Vice Chairman, Nippon Keidanren
Representative Director and President, Nippon Steel Corporation
It is April once again -- the season of the young and hopeful, readying themselves to take the first step forward in school and office with cherry blossoms coming into blooms. These days, while many talented young people bring exciting performances to the world of sports, go and shogi often make their way into the headlines as well, as more and more young people seem to be at a loss to find meaning in life, idling their time away. Problems with discipline at home and education at schools, and the situation is further compounded by the continued recession, an uncertain future, a prevailing sense of helplessness, and many other complications. Given all this, it's hard for young people to feel that a fulfilling life is waiting for them up ahead. But, here, as a small hint at a solution to such a situation, I would like to say that there are certainly some good things going on in the world of sports.

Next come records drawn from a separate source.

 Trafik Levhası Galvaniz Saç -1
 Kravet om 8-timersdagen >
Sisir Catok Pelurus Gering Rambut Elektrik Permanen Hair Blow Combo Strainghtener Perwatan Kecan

Mr. Shinzo Koizumi, when he was president of Keio University, said that, in sports, young people can find three treasures: the lesson learned early on that practice makes perfect, the spirit of fair play, and lifelong friends. Since I used to be a boy whose heart and soul were fully immersed in judo, I might have more of an inclination than most to feel empathy for the advantages of involvement in sports; however, as found in the old adage, "A sound mind in a sound body", the unquestionable importance of toughening young people in mind and body through hard training in sports might well be common to all ages in all countries.

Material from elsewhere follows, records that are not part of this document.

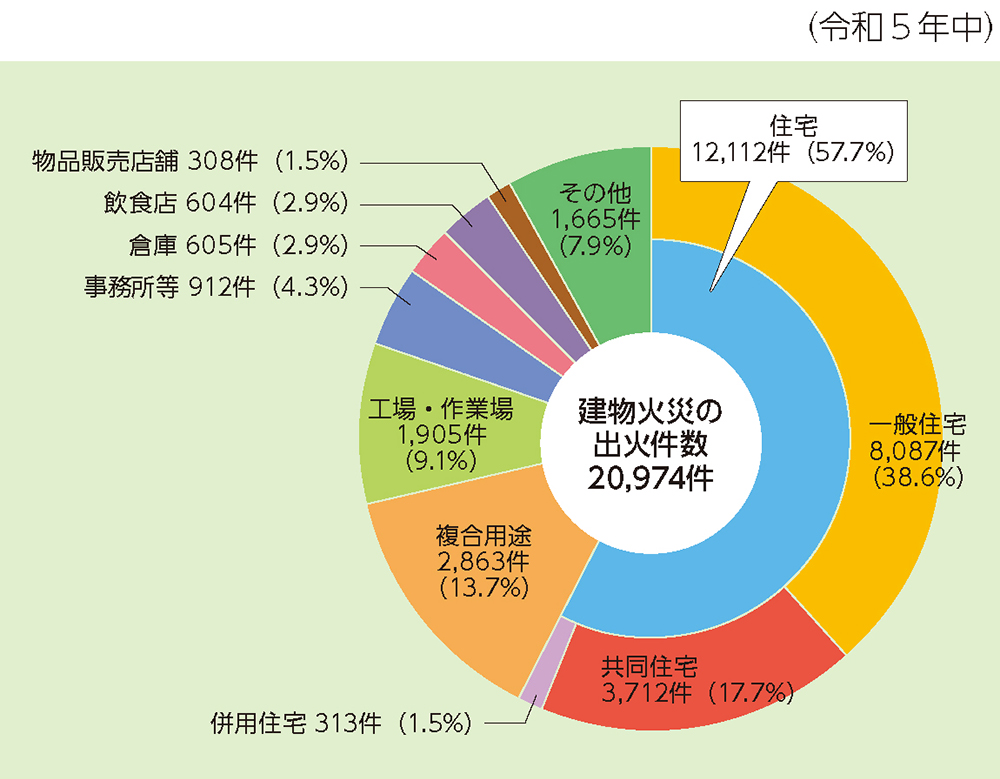 火災の発生場所の内訳
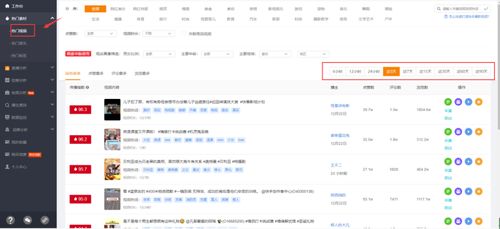 二、 快手播放量2万有收益吗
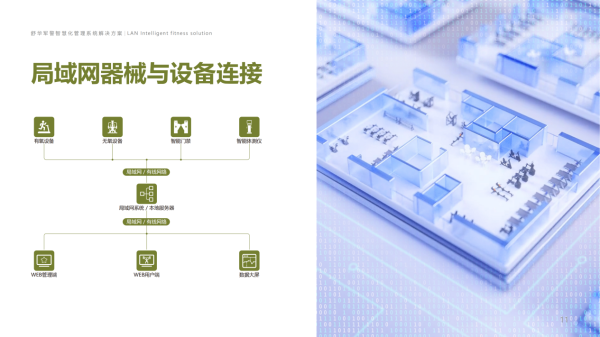 图片 7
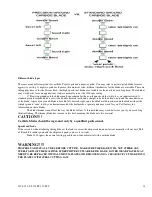 Preview for 14 page of Dake Euromatic 370 PP Instructions Manual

In today's volatile society, in order to have a fulfilling life, it is necessary to possess flexibility with which to speedily respond to changes. At the same time, however, in my belief, it is also of overriding importance to have honest determination in the pursuit of one's aspirations and objectives, unperturbed by distracting changes taking place all around. This unwavering resolve will develop when people, while young, take part in sports and experience the hardships and joys of training with a single, definite purpose in mind and, in the process, learn that practice indeed makes perfect. This experience should become a remarkably treasured asset to them throughout life.

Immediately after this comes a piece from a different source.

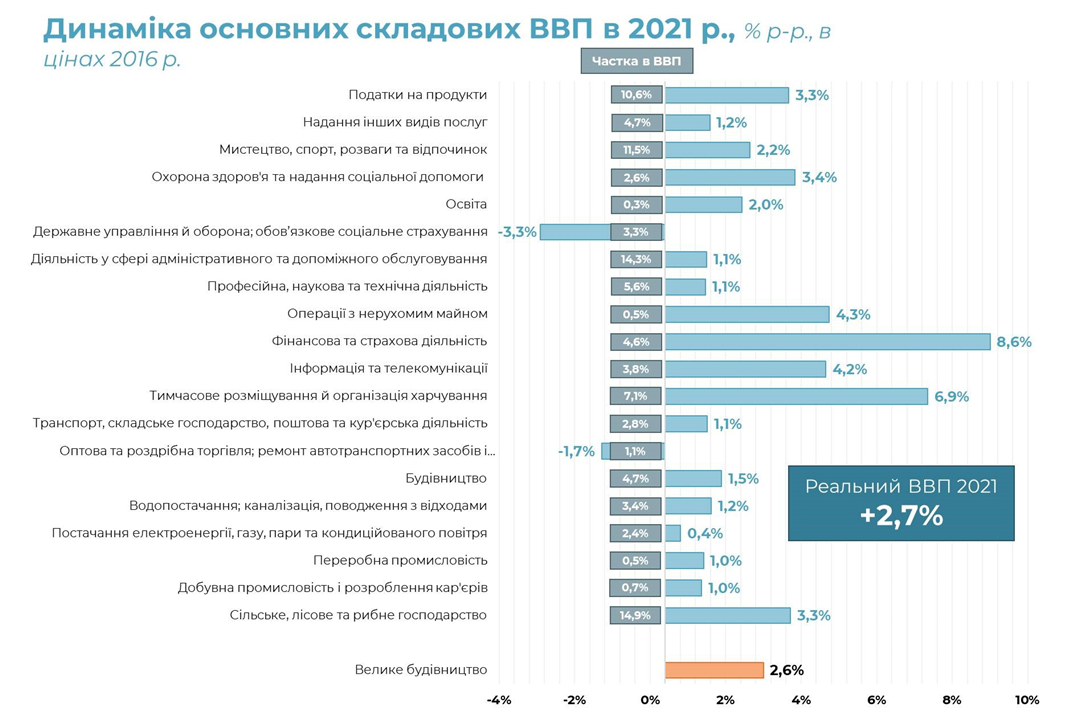 «Большая стройка» прибавила к годовому ВВП Украины 2,6% — исследование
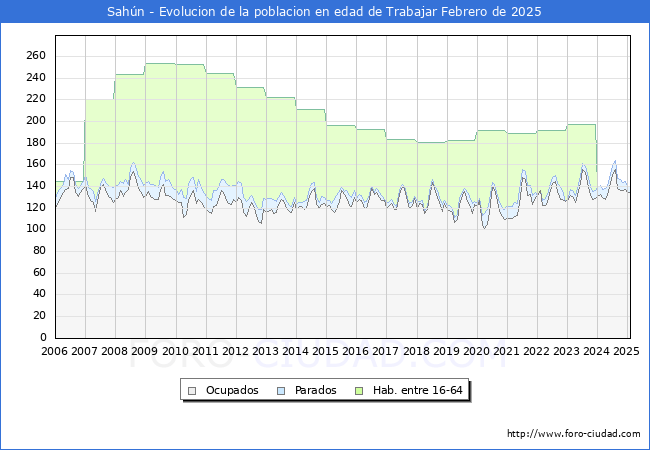 Evolucin Afiliados a la Seguridad Social, parados y poblacin en edad de trabajar para el Municipio de Sahn hasta Febrero del 2025.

Naturally, some young people will be drawn to academic studies and others to artistic pursuits. In whichever way, the important thing in youth is to try and find something worth pursuing with purpose and passion. And I feel that for us, senior citizens, a necessary and responsible task will be to direct all our energies to building a society in which more opportunities will be made available to young people who, even after initial failures and setbacks, will still be open to challenge as many times as desired.
As I begin to view the cherry blossoms coming into full bloom again this year, I hope and pray that young people discover good fortune as they begin their start in life.